News from Nov 23, 2016
How is it possible that there is still no final storage facility in the entire world for highly radioactive waste from nuclear power stations? How is it possible that electricity has been generated by industrial-scale nuclear installations for decades without the issue of the disposal of nuclear waste having been resolved? The events in Chernobyl in 1986 and Fukushima in 2011 have made it blatantly obvious how risky this technology is and how important it is to keep humans and the environment at a safe distance from radioactivity.
This anthology examines the technological, political, social and economic dimensions of the permanent disposal of nuclear waste. It provides an insight into the emergence of the problem and the people involved and their interests. It describes and analyses the changes that are taking place in Germany (for instance, in relation to the government’s commission on nuclear repositories) and other countries with regard to how they handle nuclear waste.
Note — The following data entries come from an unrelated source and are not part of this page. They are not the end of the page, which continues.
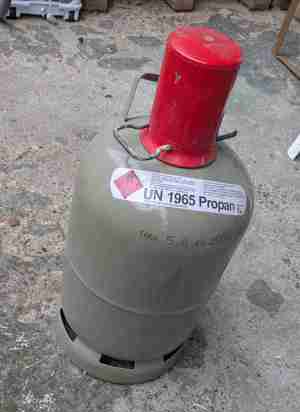 5kg Camping Gasflasche   leer   grau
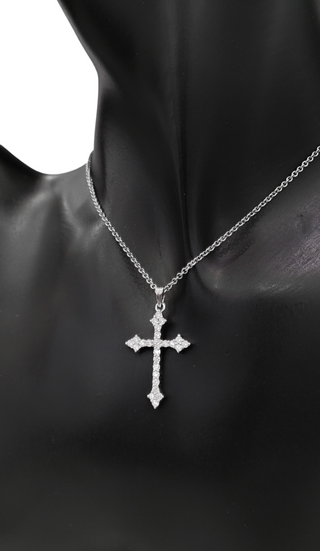 Colgante de cruz de diamantes de 0,85 quilates en oro blanco de 10/14 quilates, 18"
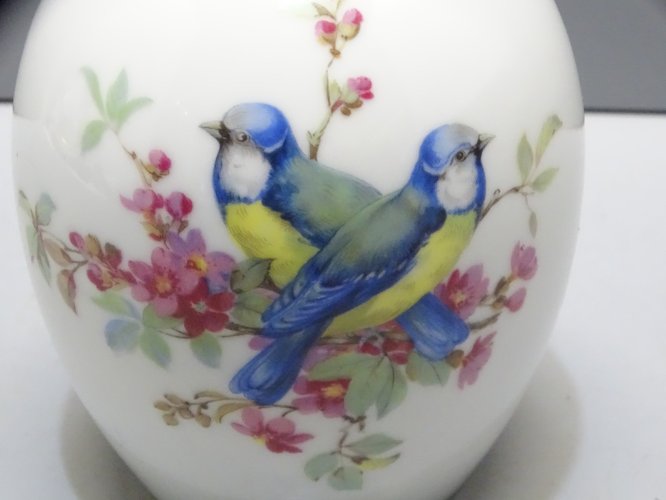 -JOLIE LAMPE BERGER PORCELAINE LIMOGES Déco PETITES MESANGES BLEUES FLEURS  D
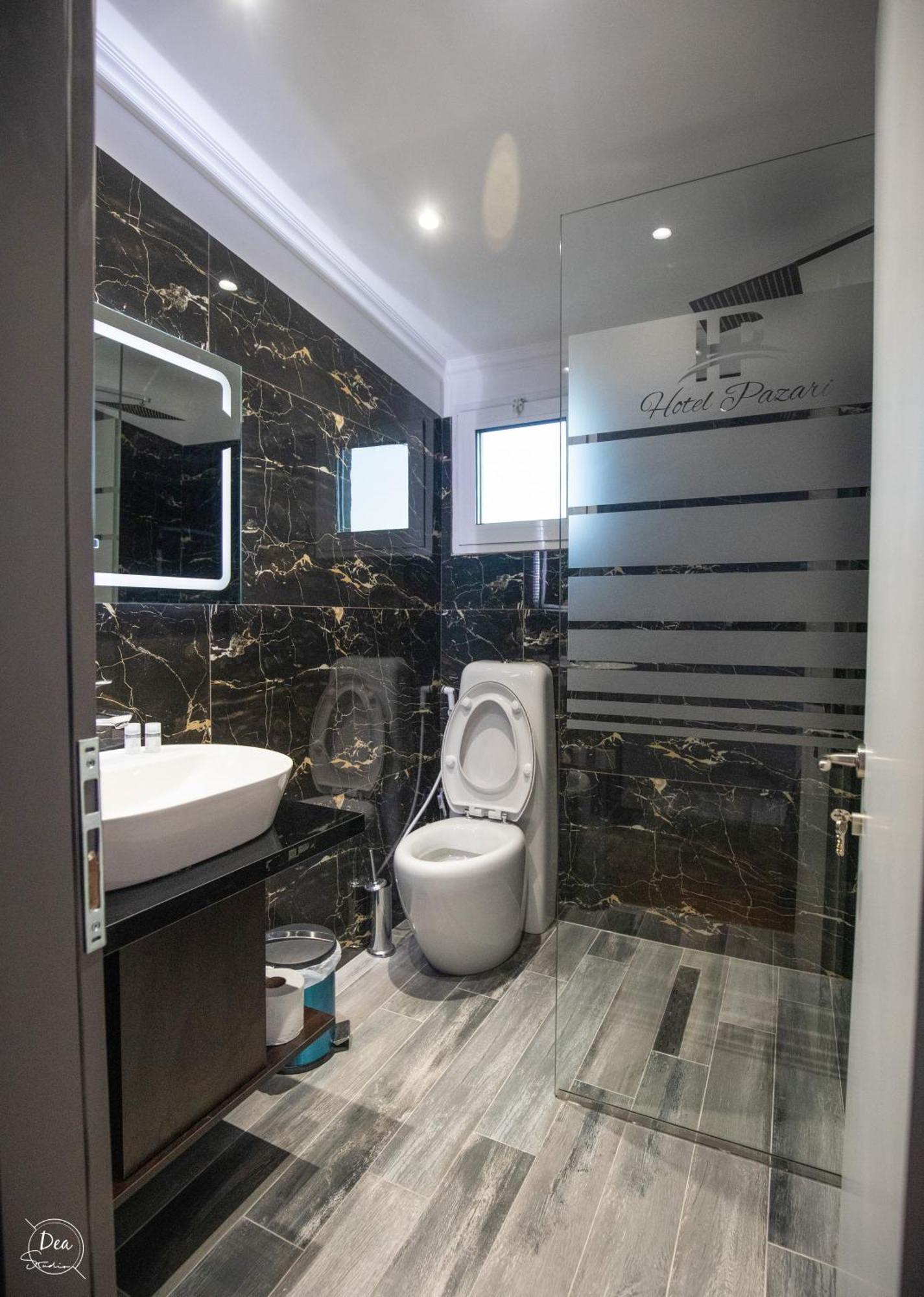 Suite Terrace Rooms & Apartments Korça Kültér fotó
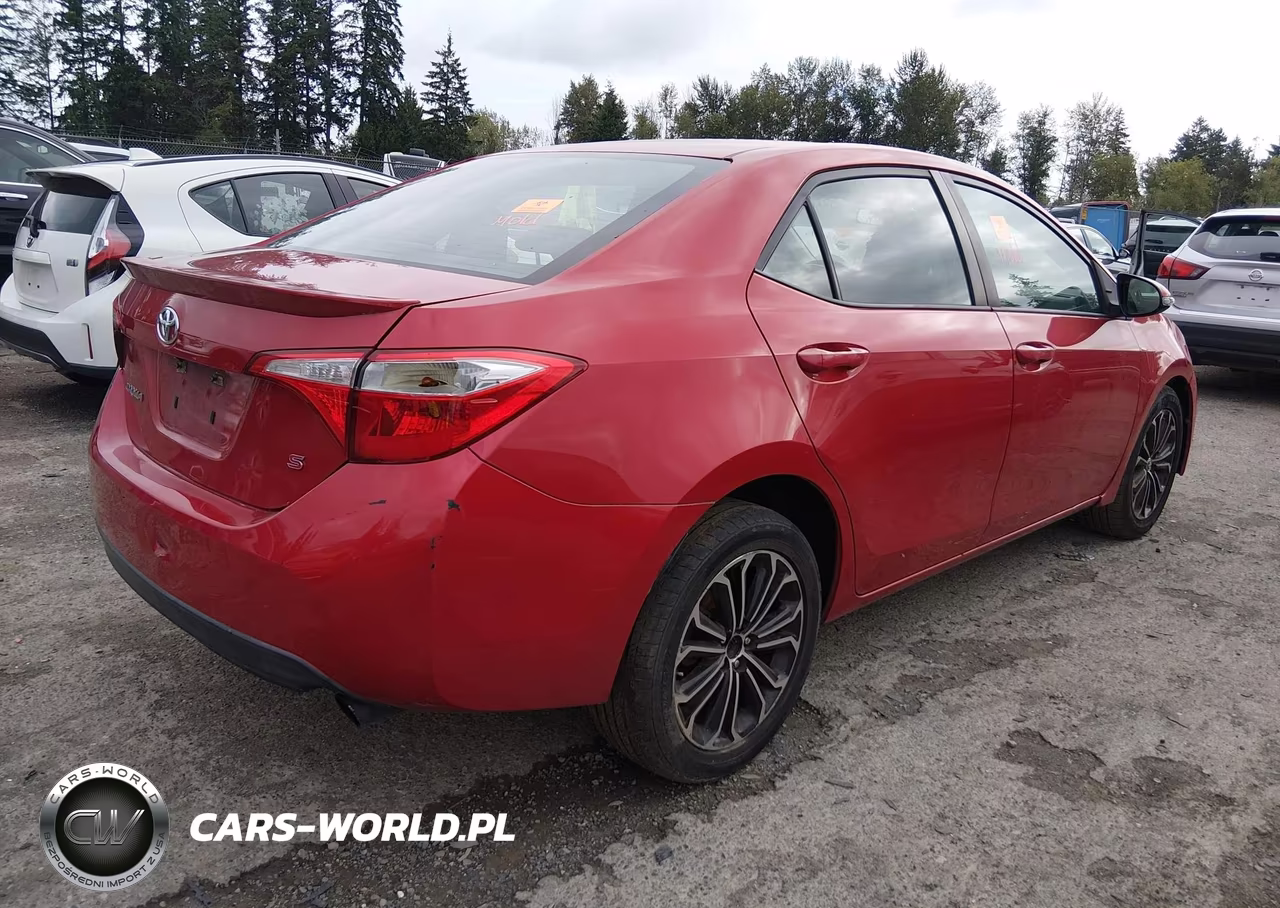 2015 Toyota Corolla S Plus VIN:5YFBURHE8FP230353 - 4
The book deals with both questions related to socio-technical aspects of the permanent disposal of nuclear waste and calls for the democratic need for participation and new ways of doing so, without which the search for a permanent disposal site will not bear fruit.
This anthology presents a comprehensive discussion of the disposal of nuclear waste and the search for a permanent repository for it. Not only will students and teachers find it extremely useful, but so will any readers who are interested in its subject matter and wish to gain a more in-depth insight into it.